## How to complete this task
For the material below, return exactly the lines starting at the line containing "Girocollo Eterea in" and ending at the line containing "Watercolour Couture-Print Midi Dress", both ends included, and no others.

## Supplied information
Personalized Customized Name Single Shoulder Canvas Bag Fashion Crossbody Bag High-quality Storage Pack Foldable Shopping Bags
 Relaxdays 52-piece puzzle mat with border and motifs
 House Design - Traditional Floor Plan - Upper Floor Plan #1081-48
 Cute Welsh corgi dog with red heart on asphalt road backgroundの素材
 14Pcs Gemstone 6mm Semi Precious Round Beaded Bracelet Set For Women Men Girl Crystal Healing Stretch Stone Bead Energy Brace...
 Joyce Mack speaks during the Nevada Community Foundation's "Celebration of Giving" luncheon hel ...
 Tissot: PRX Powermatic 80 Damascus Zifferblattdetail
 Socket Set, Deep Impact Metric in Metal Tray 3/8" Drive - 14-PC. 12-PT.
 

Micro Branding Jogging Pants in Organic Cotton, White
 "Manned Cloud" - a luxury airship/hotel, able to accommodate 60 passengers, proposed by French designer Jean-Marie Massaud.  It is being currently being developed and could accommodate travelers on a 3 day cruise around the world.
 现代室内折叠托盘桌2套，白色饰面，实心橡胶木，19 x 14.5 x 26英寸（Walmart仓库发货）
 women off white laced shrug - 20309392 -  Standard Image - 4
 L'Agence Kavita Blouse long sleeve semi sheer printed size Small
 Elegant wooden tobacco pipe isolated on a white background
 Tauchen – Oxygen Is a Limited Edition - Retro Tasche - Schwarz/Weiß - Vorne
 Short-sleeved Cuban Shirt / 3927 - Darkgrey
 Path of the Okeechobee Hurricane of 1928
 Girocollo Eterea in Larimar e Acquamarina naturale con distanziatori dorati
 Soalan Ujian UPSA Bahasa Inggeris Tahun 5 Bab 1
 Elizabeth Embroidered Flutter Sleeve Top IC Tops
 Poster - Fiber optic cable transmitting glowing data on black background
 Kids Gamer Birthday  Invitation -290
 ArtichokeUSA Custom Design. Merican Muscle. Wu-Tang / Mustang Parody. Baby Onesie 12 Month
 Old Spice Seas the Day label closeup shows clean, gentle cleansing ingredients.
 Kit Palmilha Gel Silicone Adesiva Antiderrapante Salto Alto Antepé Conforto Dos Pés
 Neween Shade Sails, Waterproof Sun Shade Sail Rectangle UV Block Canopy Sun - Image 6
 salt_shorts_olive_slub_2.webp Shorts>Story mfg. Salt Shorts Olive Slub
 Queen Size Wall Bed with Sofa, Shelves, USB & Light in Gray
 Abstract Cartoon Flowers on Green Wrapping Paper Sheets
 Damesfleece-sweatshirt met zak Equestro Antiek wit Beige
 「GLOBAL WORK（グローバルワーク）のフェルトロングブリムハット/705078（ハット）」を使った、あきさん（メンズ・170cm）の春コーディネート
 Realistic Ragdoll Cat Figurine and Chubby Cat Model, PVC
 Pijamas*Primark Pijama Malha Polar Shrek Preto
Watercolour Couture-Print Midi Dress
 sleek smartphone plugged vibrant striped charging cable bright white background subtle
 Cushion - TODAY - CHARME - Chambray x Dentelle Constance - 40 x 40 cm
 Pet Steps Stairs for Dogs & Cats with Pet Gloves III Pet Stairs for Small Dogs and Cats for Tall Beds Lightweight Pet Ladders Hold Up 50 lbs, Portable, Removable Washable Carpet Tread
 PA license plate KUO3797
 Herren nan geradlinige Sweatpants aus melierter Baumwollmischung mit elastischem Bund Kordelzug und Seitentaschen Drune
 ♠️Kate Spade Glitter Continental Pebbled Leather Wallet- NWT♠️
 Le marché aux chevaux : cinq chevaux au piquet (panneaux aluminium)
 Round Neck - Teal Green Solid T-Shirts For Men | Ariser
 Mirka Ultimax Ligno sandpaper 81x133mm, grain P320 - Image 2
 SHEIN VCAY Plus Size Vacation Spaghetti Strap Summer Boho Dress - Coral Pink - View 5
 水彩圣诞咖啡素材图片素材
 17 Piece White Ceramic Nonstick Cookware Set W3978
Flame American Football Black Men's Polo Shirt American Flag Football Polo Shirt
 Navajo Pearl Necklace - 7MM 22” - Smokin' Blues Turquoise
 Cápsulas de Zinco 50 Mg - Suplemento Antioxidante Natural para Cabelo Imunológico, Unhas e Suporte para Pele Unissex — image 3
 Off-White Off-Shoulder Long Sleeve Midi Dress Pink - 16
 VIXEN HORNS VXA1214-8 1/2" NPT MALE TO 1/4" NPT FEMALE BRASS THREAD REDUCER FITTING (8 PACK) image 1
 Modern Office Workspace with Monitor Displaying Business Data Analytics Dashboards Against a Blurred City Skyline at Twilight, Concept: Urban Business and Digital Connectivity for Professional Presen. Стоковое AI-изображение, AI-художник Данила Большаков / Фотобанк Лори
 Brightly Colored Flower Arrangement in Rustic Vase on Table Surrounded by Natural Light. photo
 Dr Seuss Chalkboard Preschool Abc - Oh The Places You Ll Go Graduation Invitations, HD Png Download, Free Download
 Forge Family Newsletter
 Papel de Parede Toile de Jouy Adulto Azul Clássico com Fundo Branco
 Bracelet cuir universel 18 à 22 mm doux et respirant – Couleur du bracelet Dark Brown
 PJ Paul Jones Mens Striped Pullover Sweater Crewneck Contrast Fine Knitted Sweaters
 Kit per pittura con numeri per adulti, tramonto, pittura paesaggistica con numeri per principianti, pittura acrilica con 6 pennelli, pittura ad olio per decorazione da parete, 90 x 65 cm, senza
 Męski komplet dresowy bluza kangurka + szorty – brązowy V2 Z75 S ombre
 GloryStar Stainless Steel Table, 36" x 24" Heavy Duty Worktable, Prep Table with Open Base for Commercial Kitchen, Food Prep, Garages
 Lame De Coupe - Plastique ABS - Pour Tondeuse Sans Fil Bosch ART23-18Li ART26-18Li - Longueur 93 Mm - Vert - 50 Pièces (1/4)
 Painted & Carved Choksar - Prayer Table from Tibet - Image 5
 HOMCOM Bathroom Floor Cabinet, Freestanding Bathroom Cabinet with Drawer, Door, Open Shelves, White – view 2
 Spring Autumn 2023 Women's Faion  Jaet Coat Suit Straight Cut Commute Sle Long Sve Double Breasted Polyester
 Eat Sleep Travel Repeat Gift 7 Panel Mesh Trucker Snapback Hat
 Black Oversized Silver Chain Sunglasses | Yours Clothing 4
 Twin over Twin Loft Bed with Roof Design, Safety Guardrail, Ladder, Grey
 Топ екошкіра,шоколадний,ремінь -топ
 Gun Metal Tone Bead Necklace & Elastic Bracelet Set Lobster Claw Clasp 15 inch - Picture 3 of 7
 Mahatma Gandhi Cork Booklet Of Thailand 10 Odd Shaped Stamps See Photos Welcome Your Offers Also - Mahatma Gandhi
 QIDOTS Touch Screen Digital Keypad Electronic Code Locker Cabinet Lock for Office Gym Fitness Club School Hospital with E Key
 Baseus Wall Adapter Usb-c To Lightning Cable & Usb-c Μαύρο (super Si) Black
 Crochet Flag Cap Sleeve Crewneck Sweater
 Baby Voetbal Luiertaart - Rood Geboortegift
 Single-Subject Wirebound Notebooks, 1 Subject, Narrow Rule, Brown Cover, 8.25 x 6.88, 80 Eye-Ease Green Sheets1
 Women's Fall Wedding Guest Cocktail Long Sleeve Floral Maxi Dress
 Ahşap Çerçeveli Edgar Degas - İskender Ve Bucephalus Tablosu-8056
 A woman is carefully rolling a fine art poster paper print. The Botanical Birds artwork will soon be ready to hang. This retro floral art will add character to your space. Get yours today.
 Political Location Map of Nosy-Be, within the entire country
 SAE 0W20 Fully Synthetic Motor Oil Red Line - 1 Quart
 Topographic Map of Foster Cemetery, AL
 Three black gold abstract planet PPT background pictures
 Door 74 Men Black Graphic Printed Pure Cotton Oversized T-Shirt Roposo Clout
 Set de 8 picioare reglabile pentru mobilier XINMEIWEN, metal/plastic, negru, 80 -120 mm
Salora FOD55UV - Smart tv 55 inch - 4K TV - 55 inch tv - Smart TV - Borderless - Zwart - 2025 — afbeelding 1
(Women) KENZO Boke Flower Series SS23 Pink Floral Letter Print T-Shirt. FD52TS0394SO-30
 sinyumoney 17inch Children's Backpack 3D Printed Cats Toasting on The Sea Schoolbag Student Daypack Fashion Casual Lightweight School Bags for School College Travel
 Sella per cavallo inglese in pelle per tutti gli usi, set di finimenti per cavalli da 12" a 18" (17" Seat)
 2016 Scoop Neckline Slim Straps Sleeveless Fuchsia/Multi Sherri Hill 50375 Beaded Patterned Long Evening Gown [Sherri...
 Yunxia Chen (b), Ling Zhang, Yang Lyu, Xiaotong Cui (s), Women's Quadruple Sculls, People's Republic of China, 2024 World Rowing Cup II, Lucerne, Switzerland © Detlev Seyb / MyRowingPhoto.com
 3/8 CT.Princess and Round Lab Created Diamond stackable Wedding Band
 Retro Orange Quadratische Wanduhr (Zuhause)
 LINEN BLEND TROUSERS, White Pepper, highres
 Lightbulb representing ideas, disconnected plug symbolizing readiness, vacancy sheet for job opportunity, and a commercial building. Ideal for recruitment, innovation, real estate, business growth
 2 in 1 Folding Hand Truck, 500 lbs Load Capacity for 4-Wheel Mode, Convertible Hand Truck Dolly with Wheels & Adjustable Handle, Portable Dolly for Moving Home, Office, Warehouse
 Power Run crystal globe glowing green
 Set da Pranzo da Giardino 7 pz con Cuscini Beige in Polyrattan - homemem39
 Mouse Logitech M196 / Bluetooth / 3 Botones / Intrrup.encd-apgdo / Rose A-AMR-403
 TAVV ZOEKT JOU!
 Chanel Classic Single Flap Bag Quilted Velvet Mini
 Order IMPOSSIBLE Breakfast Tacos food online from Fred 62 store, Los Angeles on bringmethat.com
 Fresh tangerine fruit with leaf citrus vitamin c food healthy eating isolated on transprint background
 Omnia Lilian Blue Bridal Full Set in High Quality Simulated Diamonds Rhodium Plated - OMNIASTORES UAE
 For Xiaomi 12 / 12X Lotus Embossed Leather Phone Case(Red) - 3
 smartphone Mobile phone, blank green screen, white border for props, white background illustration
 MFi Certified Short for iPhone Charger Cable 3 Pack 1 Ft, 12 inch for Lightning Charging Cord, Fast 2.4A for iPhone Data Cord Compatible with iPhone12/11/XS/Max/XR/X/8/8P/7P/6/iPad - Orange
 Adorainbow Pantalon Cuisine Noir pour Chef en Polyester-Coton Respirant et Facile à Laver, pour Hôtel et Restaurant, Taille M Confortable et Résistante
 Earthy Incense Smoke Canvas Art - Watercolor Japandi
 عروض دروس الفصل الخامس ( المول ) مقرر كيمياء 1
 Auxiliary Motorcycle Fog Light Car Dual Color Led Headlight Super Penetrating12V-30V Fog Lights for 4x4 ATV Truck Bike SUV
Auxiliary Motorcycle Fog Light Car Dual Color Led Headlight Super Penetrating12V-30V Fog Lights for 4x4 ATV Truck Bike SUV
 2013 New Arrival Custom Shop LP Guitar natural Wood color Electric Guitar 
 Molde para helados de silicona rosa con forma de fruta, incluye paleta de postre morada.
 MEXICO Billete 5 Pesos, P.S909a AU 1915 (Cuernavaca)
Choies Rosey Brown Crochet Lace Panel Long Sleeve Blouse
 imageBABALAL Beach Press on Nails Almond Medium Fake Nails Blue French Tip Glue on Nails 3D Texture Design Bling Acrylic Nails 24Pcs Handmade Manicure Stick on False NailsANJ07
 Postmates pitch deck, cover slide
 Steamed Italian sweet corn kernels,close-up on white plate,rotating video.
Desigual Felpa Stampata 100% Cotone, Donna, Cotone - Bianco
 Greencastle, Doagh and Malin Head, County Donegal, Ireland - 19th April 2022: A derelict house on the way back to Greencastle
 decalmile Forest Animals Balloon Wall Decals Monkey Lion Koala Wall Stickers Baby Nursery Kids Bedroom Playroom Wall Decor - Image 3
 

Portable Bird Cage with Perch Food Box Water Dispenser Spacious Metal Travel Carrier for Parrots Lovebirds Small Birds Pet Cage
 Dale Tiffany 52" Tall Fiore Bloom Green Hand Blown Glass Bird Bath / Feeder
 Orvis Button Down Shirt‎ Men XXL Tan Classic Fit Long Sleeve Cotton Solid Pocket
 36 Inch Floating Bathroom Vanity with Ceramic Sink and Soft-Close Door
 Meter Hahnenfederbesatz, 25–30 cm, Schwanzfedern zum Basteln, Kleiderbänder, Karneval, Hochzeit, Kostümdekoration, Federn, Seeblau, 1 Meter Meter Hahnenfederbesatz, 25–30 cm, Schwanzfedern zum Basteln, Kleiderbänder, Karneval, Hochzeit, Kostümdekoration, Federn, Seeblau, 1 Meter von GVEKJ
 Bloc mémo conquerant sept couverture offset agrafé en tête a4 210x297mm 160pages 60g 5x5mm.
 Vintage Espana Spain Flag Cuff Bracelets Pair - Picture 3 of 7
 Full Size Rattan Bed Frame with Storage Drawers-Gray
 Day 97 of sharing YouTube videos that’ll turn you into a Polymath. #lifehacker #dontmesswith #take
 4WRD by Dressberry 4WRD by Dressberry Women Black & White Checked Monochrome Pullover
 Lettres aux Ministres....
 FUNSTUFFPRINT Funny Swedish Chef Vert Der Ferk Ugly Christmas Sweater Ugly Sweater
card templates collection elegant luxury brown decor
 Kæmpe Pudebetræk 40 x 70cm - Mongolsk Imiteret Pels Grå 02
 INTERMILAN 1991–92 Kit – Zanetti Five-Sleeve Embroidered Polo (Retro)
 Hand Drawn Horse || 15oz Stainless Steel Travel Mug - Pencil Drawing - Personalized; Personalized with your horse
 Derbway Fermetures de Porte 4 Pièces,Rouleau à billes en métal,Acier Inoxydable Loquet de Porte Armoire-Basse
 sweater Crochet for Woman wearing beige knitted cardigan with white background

## Response area
 Girocollo Eterea in Larimar e Acquamarina naturale con distanziatori dorati
 Soalan Ujian UPSA Bahasa Inggeris Tahun 5 Bab 1
 Elizabeth Embroidered Flutter Sleeve Top IC Tops
 Poster - Fiber optic cable transmitting glowing data on black background
 Kids Gamer Birthday  Invitation -290
 ArtichokeUSA Custom Design. Merican Muscle. Wu-Tang / Mustang Parody. Baby Onesie 12 Month
 Old Spice Seas the Day label closeup shows clean, gentle cleansing ingredients.
 Kit Palmilha Gel Silicone Adesiva Antiderrapante Salto Alto Antepé Conforto Dos Pés
 Neween Shade Sails, Waterproof Sun Shade Sail Rectangle UV Block Canopy Sun - Image 6
 salt_shorts_olive_slub_2.webp Shorts>Story mfg. Salt Shorts Olive Slub
 Queen Size Wall Bed with Sofa, Shelves, USB & Light in Gray
 Abstract Cartoon Flowers on Green Wrapping Paper Sheets
 Damesfleece-sweatshirt met zak Equestro Antiek wit Beige
 「GLOBAL WORK（グローバルワーク）のフェルトロングブリムハット/705078（ハット）」を使った、あきさん（メンズ・170cm）の春コーディネート
 Realistic Ragdoll Cat Figurine and Chubby Cat Model, PVC
 Pijamas*Primark Pijama Malha Polar Shrek Preto
Watercolour Couture-Print Midi Dress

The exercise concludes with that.